# Raw data
————
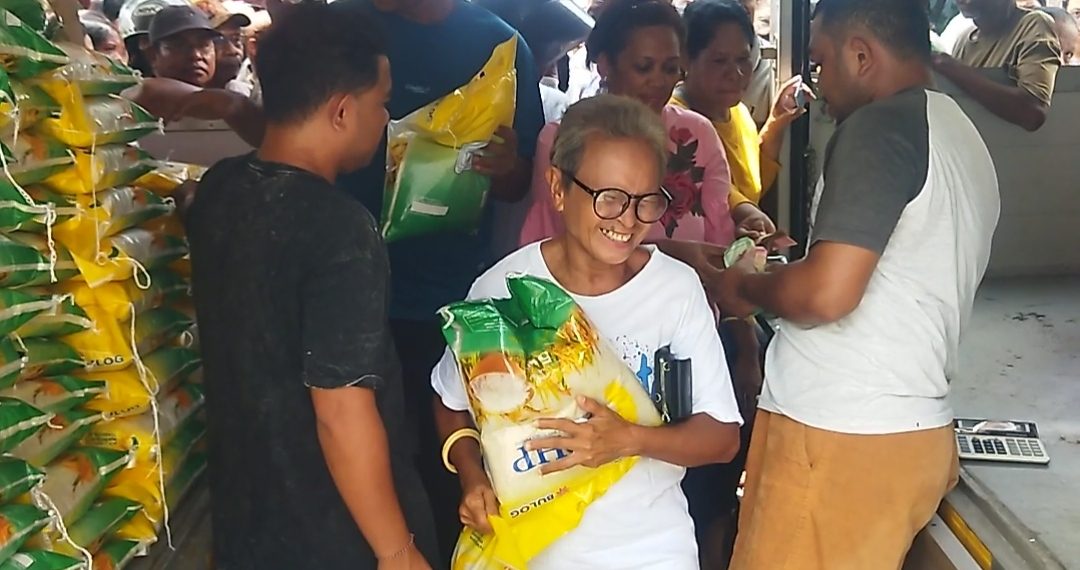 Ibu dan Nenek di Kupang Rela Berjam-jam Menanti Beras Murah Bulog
————
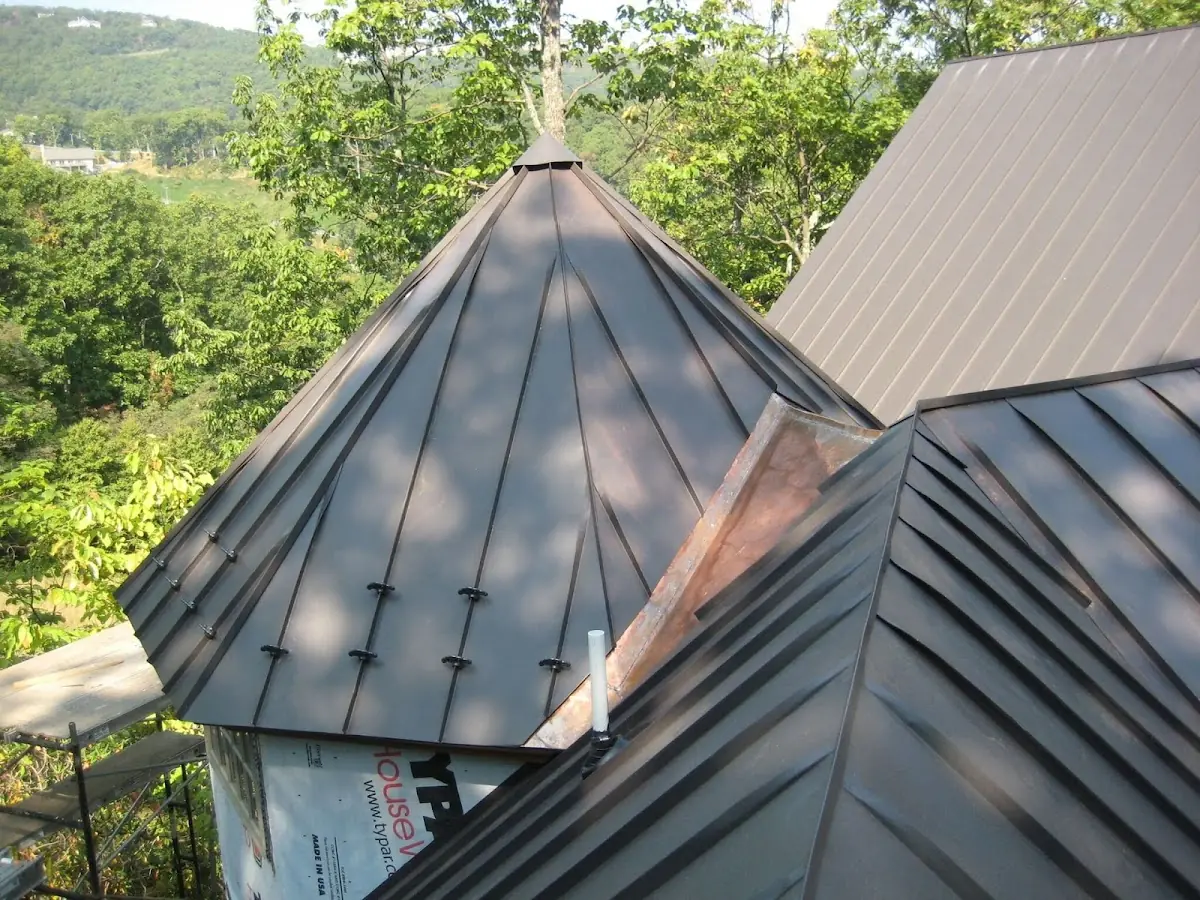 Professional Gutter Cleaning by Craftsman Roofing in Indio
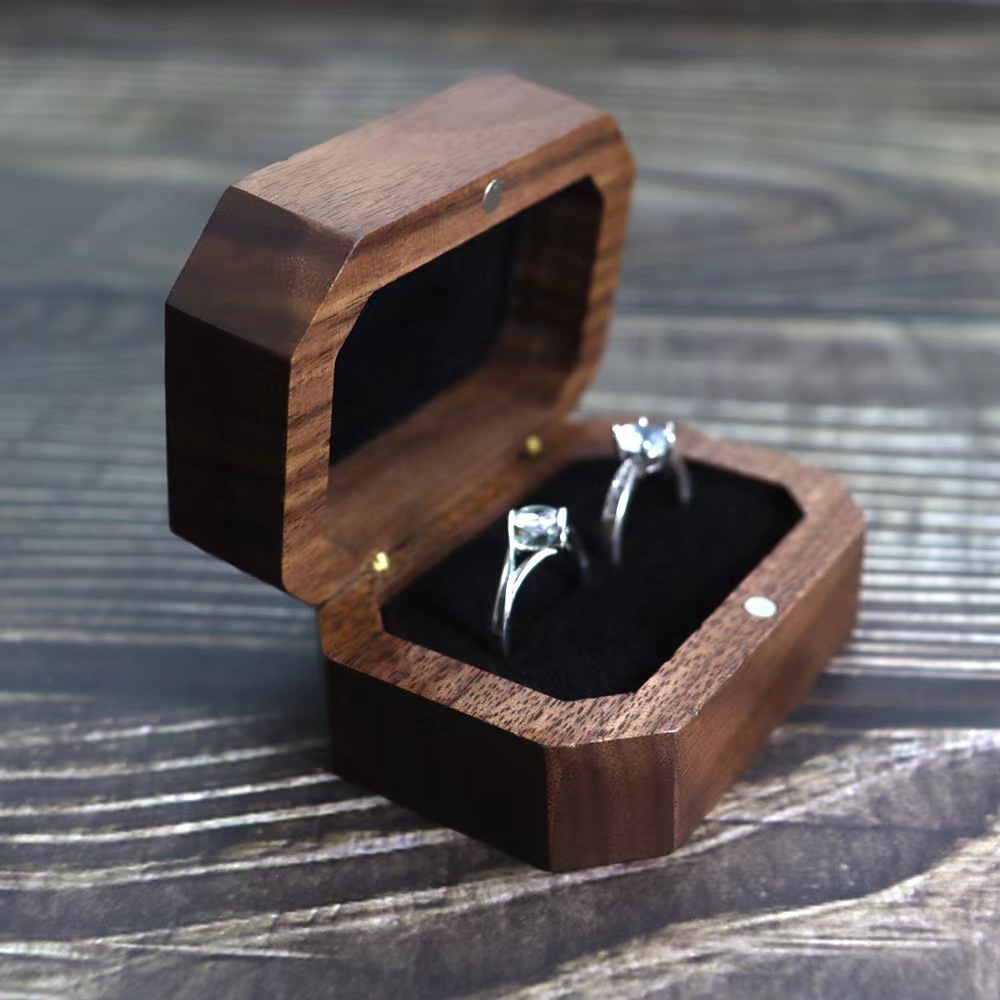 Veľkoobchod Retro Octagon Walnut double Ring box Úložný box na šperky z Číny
————
# What this task involves
Your answer is the exact run of lines above from the one with "Professional Gutter Cleaning" through the one with "Veľkoobchod Retro Octagon", both ends included, minus any picture.

# Reply
 Professional Gutter Cleaning by Craftsman Roofing in Indio
 Veľkoobchod Retro Octagon Walnut double Ring box Úložný box na šperky z Číny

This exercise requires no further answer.